Let R be the outer radius. The solid sphere has radius R/2 and density ρ. The shell has outer radius R, inner radius R/2, and density ρ/2. The total volume of the larger sphere is (4/3)πR³.
Mass of solid sphere (M_sphere) = Density * Volume = ρ * (4/3)π(R/2)³ = ρ * (4/3)π(R³/8) = (1/6)πR³ρ.
Volume of the shell material (V_shell) = Volume of sphere with radius R – Volume of sphere with radius R/2 = (4/3)πR³ – (4/3)π(R/2)³ = (4/3)πR³ – (1/6)πR³ = (7/6)πR³.
Mass of the shell (M_shell) = Density * Volume = (ρ/2) * (7/6)πR³ = (7/12)πR³ρ.

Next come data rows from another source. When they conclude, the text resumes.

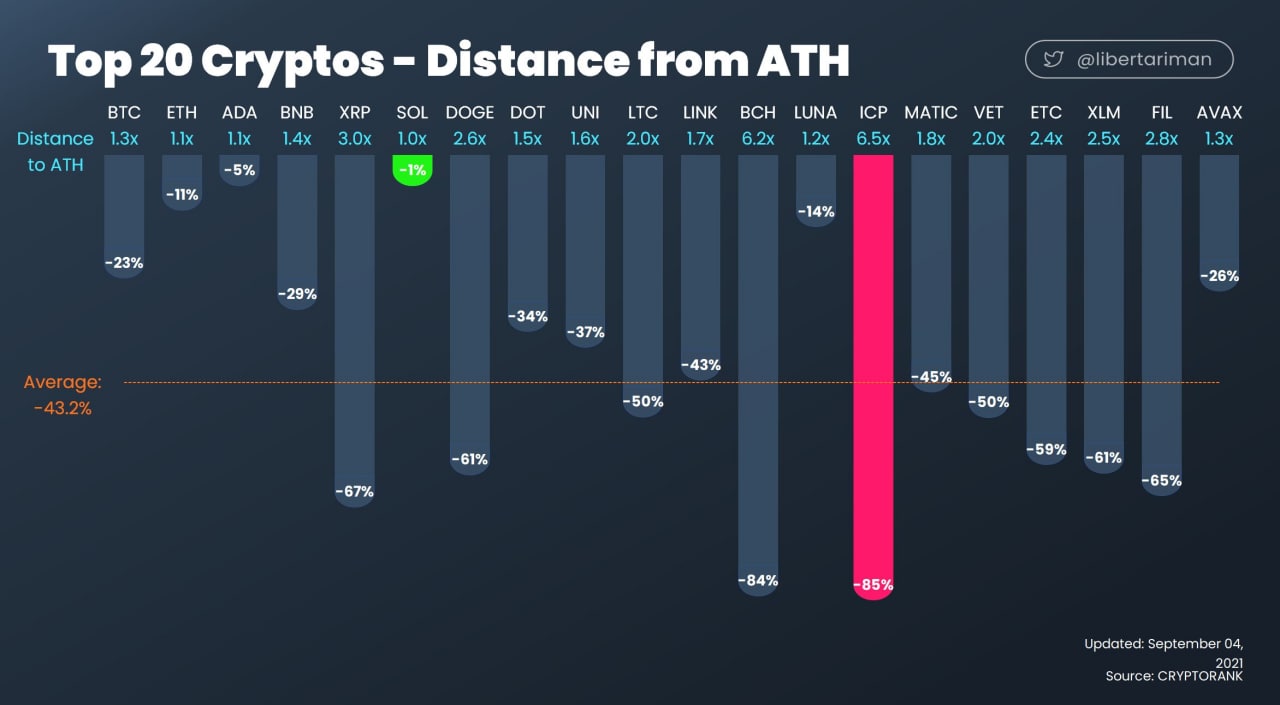 Ath crypto prices is there a fee on binance to exchange to bitcoin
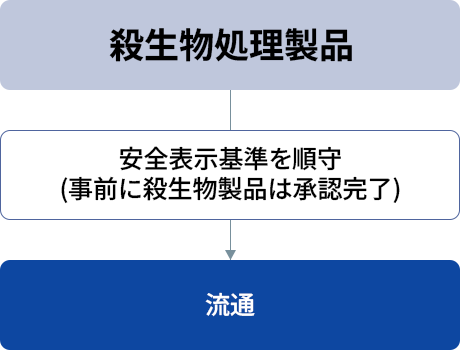 살생물제 규제이행-살생물처리제품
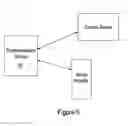 Fig. 09 - System and Method for Physical-World Based Dynamic Contactless Data Emulation in a Portable Communication Device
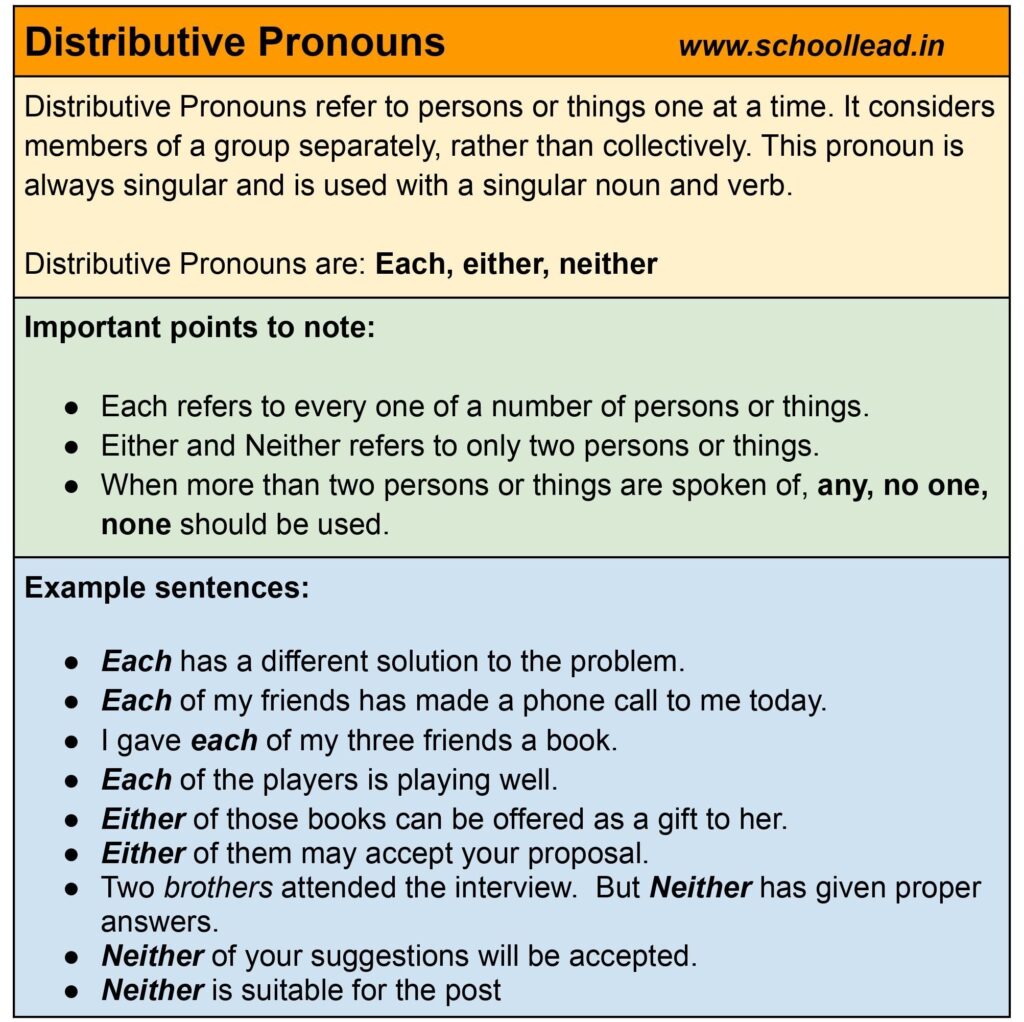 Distributive Pronoun Examples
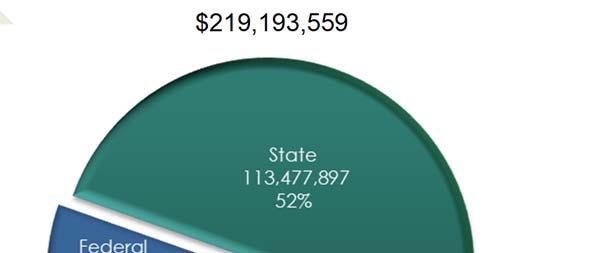 Academic Salaries 48,693,968 20% Employee Benefits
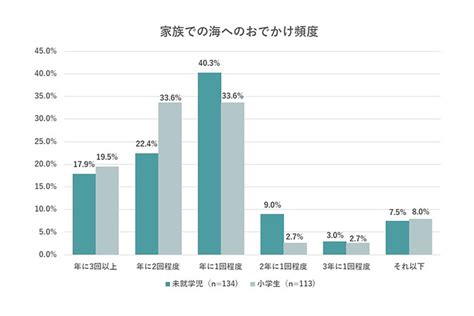 「子連れで海」行かない理由は「まだ小さいから」が最多 年齢別の経験割合は マイナビニュース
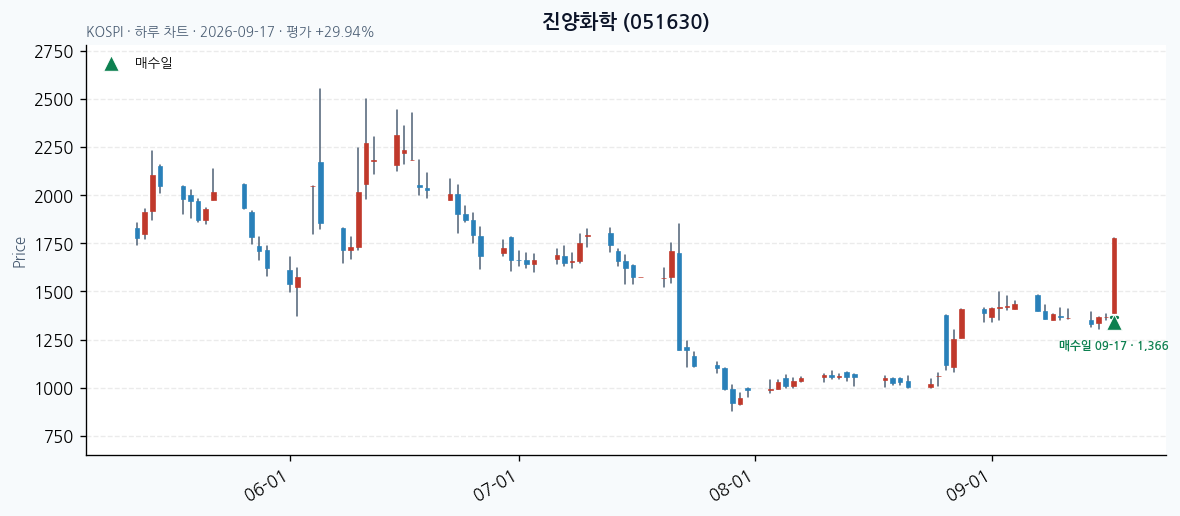 진양화학 daily chart · entry/exit dates · JADISS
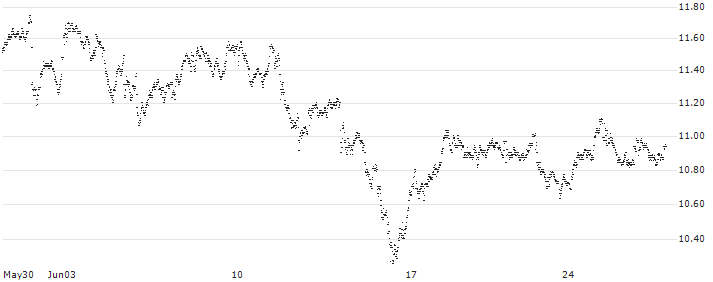 MINI FUTURE LONG - DEUTSCHE BANK(6M39B) : Historical Chart (5-day)
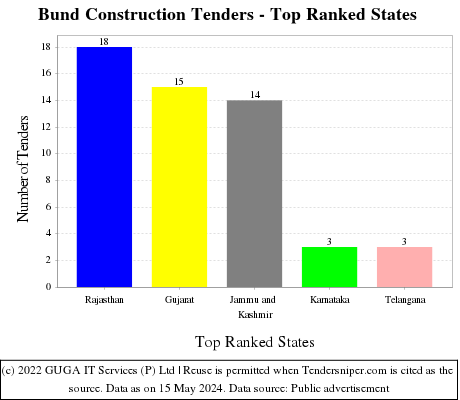 Bund Construction Live Tenders - Top Ranked States (by Number)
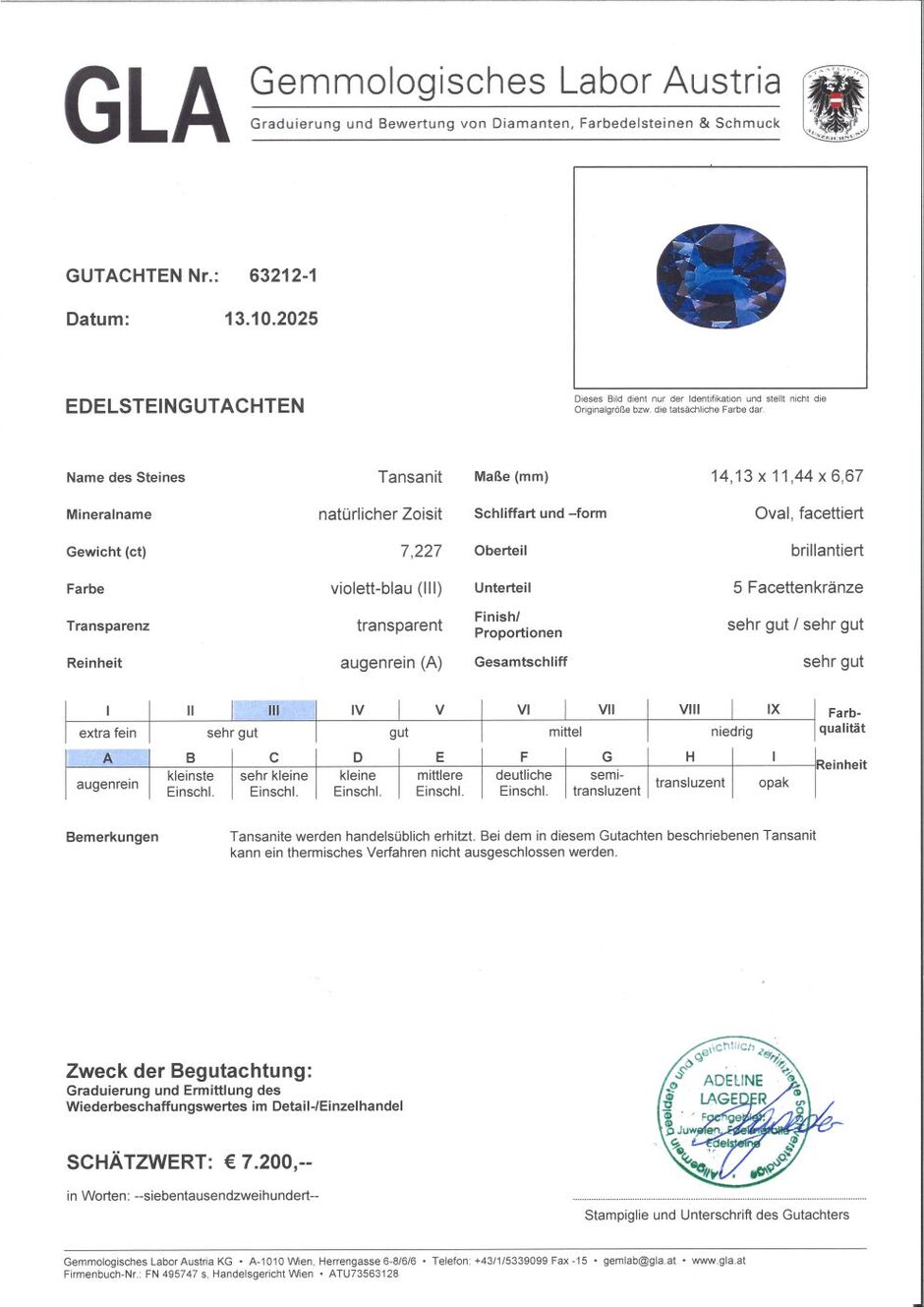 Gutachten zu Tanzanite oval intense blue 7.22 ct.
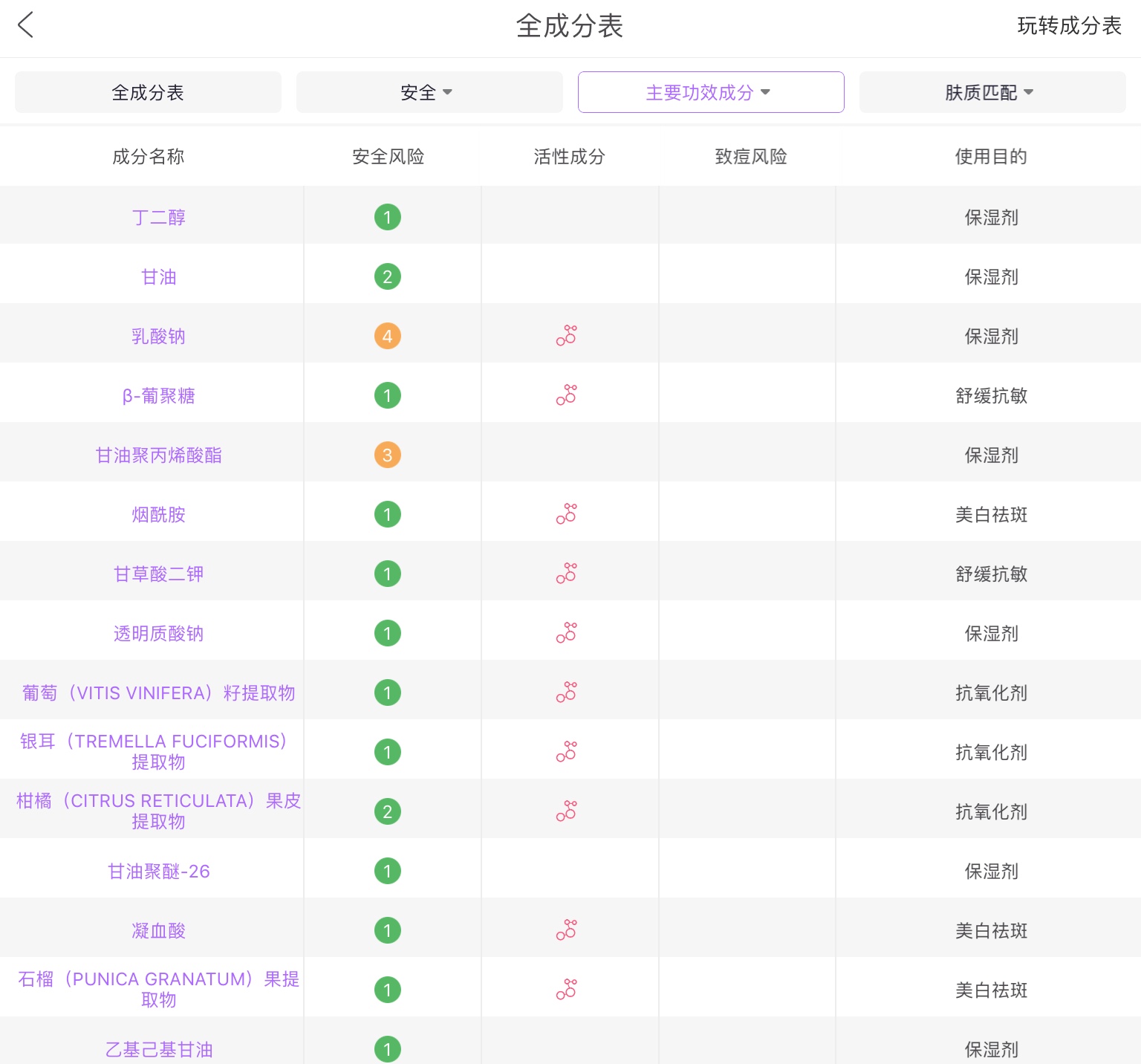 相宜本草红石榴水补水保湿,相宜本草红石榴鲜活亮白测评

Total mass (M_total) = M_sphere + M_shell = (1/6)πR³ρ + (7/12)πR³ρ = (2/12)πR³ρ + (7/12)πR³ρ = (9/12)πR³ρ = (3/4)πR³ρ.

Average density = M_total / V_total = ((3/4)πR³ρ) / ((4/3)πR³) = (3/4) * (3/4) * ρ = 9ρ/16. This calculation represents the overall density if the entire composite structure were considered a single sphere of radius R with uniform density.